Let $a_{n} = 2, 3, 4, 6, 8, 9, 10, 12, ...$ be our sequence.
First observe that every fourth term is a multiple of 6.
$a_{4} = 6, a_{8} = 12, a_{12} = 18, ..., a_{4n} = 6n$
Thus $a_{4n} = 6n$ for all positive integers n.
Using this formula, we can rule out a lot of possibilities.
The 2009th term cannot be 3012. This is because 3012 is a multiple of 6 and the 2009th term is not a multiple of 6. [1]
The 6784th term cannot be 10174. This is because 10174 is not a multiple of 6 and the 6784th term has to be a multiple of 6. [2]
The 6848th cannot be 10270. This is because 10270 is not a multiple of 6 and the 6848th term has to be a multiple of 6. [3]
Statements IV and V both appear to be correct.
We can use our formula to calculate $a_{7916}$.
\begin{align*} a_{7916} &= a_{4(1979)} \\ &= 6(1979) \\ &= 6000 + 5400 + 420 + 54 \\ &= 11874 \end{align*}
The next term $a_{7917}$ has to be 11876. This is because 11875 is not a multiple of 3, so it cannot be the next term. But 11876 is an even number and all even numbers are included in our sequence.
We can also use our formula to calculate $a_{9608}$.

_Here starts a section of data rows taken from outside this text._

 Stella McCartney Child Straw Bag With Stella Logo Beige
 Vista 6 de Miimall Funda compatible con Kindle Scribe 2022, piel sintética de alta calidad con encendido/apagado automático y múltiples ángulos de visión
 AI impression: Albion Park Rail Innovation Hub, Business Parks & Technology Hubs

\begin{align*} a_{9608} &= a_{4(2402)} \\ &= 6(2402) \\ &= 14412 \end{align*}
The next term $a_{9609}$ has to be 14414. This is because 14413 is not a multiple of 3. The term after that, $a_{9610}$, has to be 14415, since 14415 is a multiple of 3 and it's one more than the last term.

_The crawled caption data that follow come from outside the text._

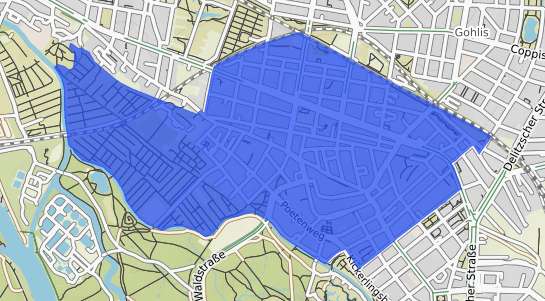 Bodenrichtwertkarte Leipzig Gohlis Süd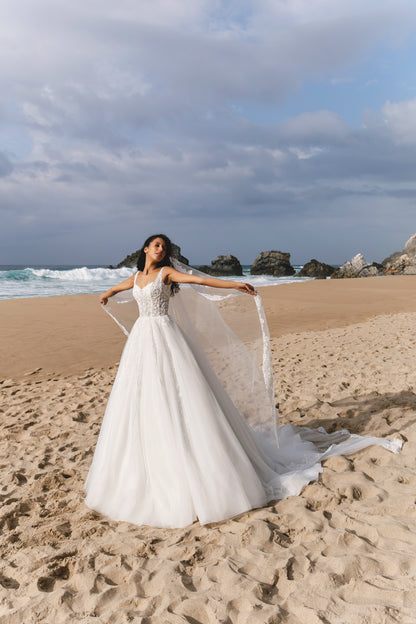 Aura A-line Sweetheart Milk Wedding dress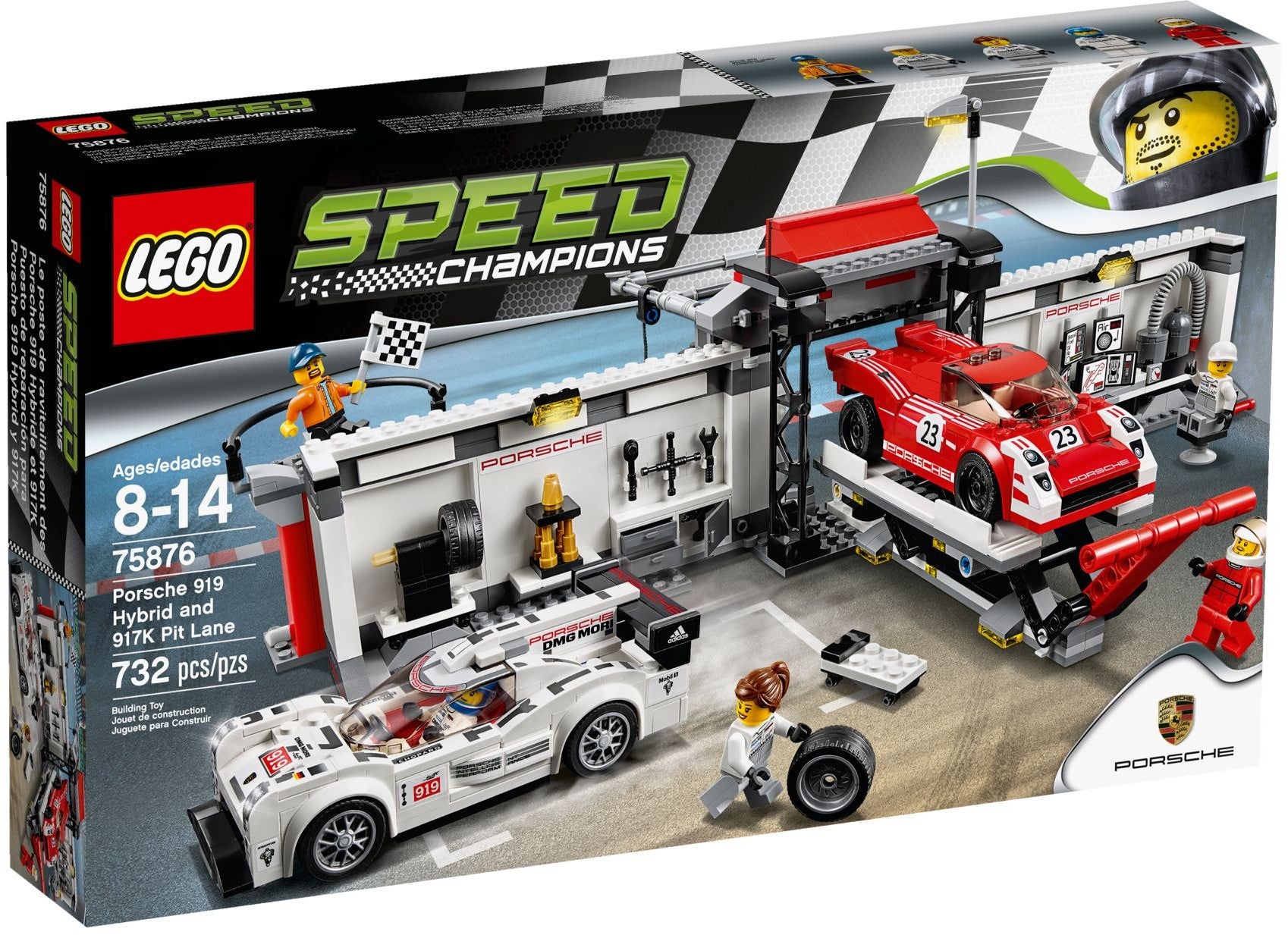 Porsche 919 Hybrid and 917K Pit Lane 75876 | Speed Champions | LEGO – image 2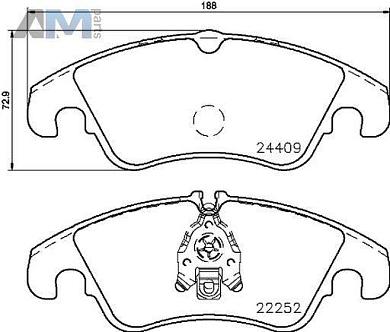 передние тормозные колодки P85145 (BREMBO) для автомобилей VAGКупить передние тормозные колодки P85145 производства BREМерседесO для Фольксваген/Ауди/Шкода по специальной цене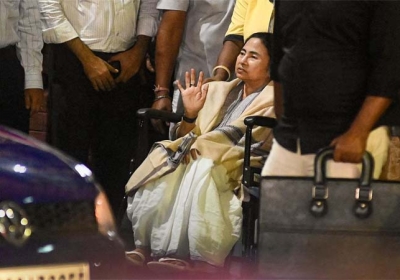 Mamata Banerjee Injured During Emergency Landing by Helicopter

So it looks like there are two correct statements, statement IV and statement V.
Let's check this with a Python program.
The Python program indicates there are two correct answers. Statements IV and V are both correct.
Footnotes:
[1] How do we know that 3012 is a multiple of 6? It's because 3012 is even and it's also a multiple of 3. How do we know that 3012 is a multiple of 3? It's because the sum of digits is
$3 + 0 + 1 + 2 = 6$
When the sum of a number's digits is divisible by 3 the number is divisible by 3.
[2] 10174 is not a multiple of 6 because it is not divisible by 3. 10174 is not divisible by 3 because the sum of its digits is 13 and 13 is not divisible by 3.
[3] 10270 is not a multiple of 6 because it's not a multiple of 3. The sum of its digits is 10 and 10 is not divisible by 3.